• _PROBLEM REQUIREMENTS_
Start at the line in the entries below that contains "Rooster Counter Multicolored", stop at the line that contains "River Island Black", and output exactly the lines in that span, both ends included.

• _AVAILABLE RECORDS_
•••

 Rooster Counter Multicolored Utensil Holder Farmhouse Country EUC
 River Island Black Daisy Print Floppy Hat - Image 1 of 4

•••

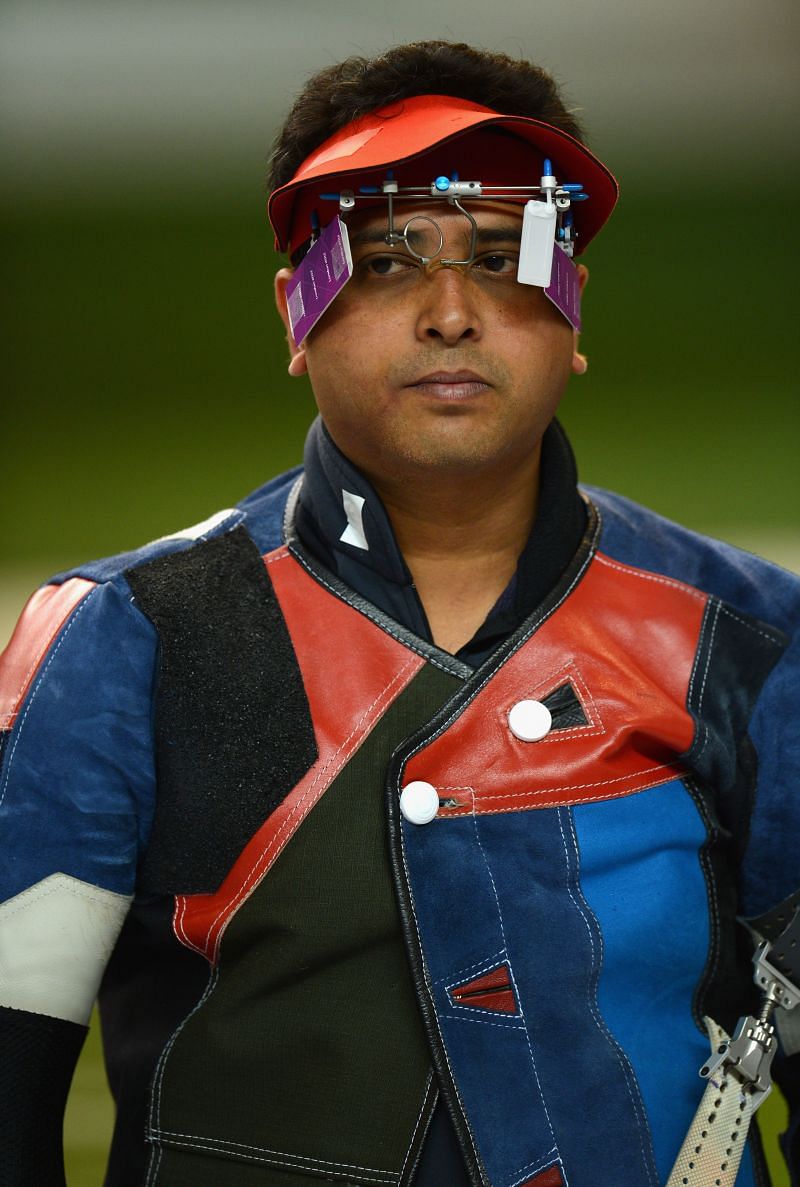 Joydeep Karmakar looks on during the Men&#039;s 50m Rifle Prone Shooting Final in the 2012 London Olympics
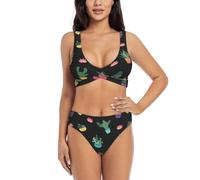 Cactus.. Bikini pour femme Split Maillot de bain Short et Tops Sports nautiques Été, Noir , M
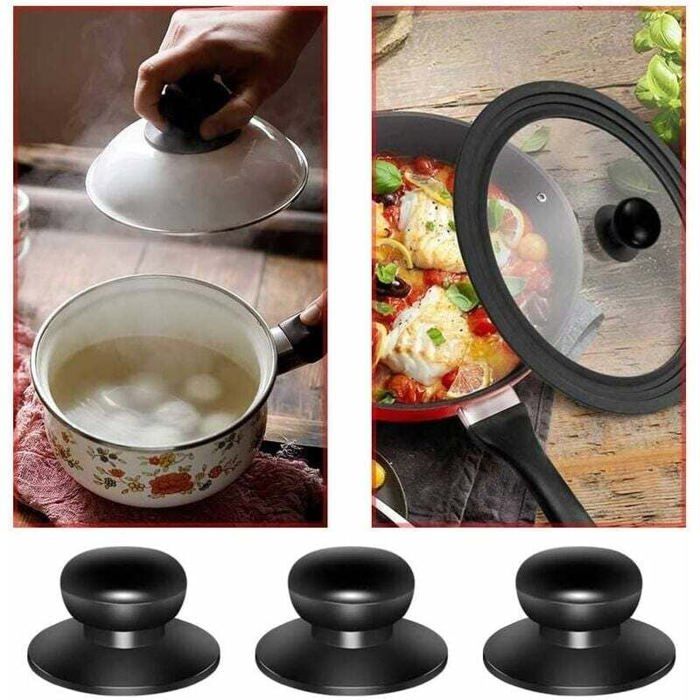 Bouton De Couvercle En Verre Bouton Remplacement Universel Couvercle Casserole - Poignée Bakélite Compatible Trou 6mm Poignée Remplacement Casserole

•••

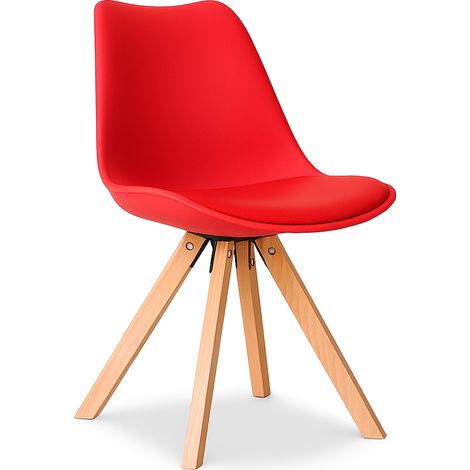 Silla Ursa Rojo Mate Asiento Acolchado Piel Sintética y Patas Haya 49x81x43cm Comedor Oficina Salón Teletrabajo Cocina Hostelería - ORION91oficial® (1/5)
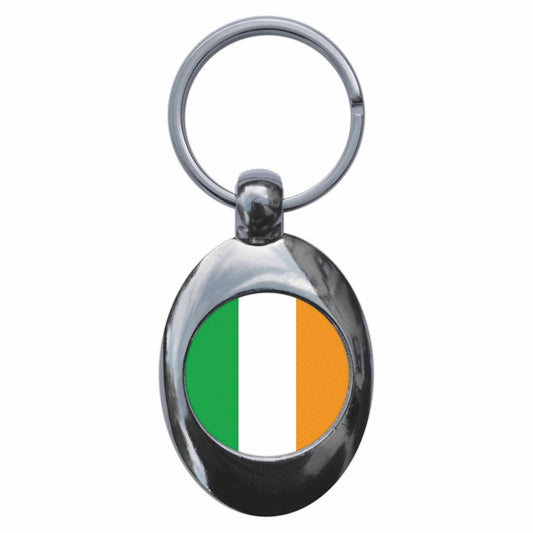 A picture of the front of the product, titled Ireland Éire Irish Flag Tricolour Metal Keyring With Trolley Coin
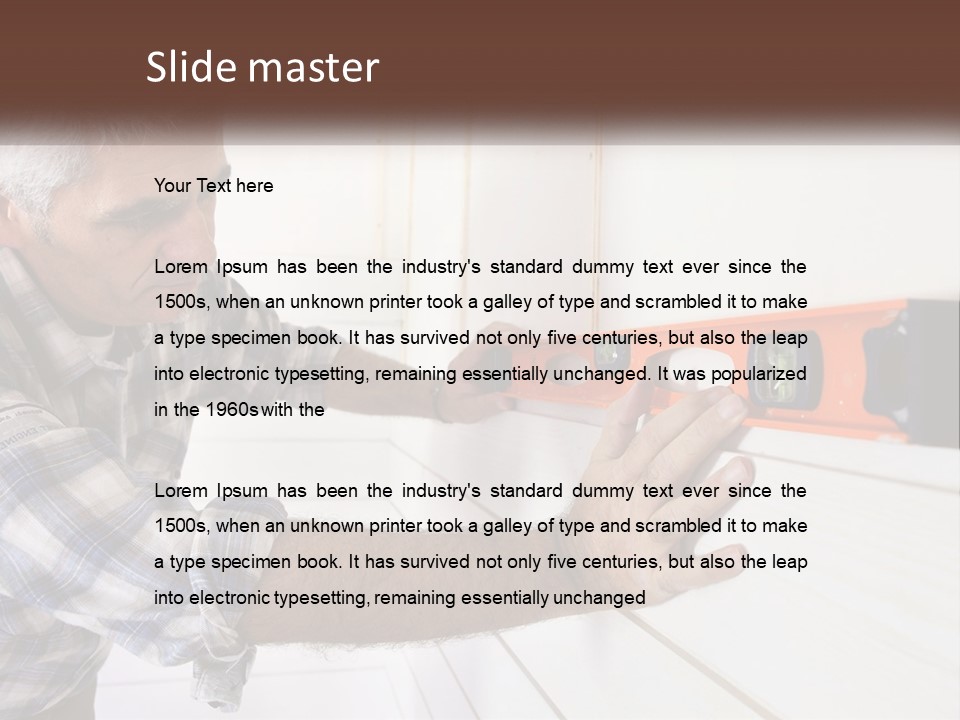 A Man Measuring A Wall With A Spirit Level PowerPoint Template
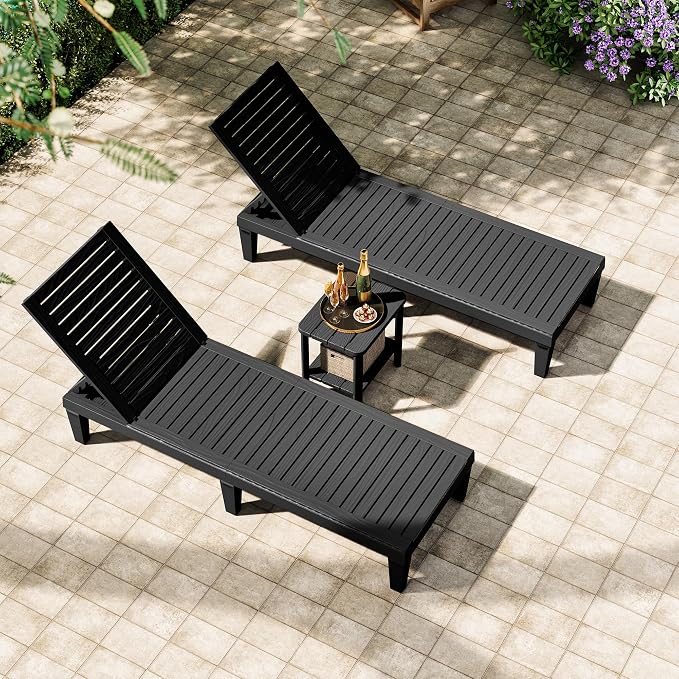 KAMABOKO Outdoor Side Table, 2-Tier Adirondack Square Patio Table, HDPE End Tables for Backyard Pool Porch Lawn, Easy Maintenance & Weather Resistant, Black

•••

• _TASK OUTPUT_
 Rooster Counter Multicolored Utensil Holder Farmhouse Country EUC
 River Island Black Daisy Print Floppy Hat - Image 1 of 4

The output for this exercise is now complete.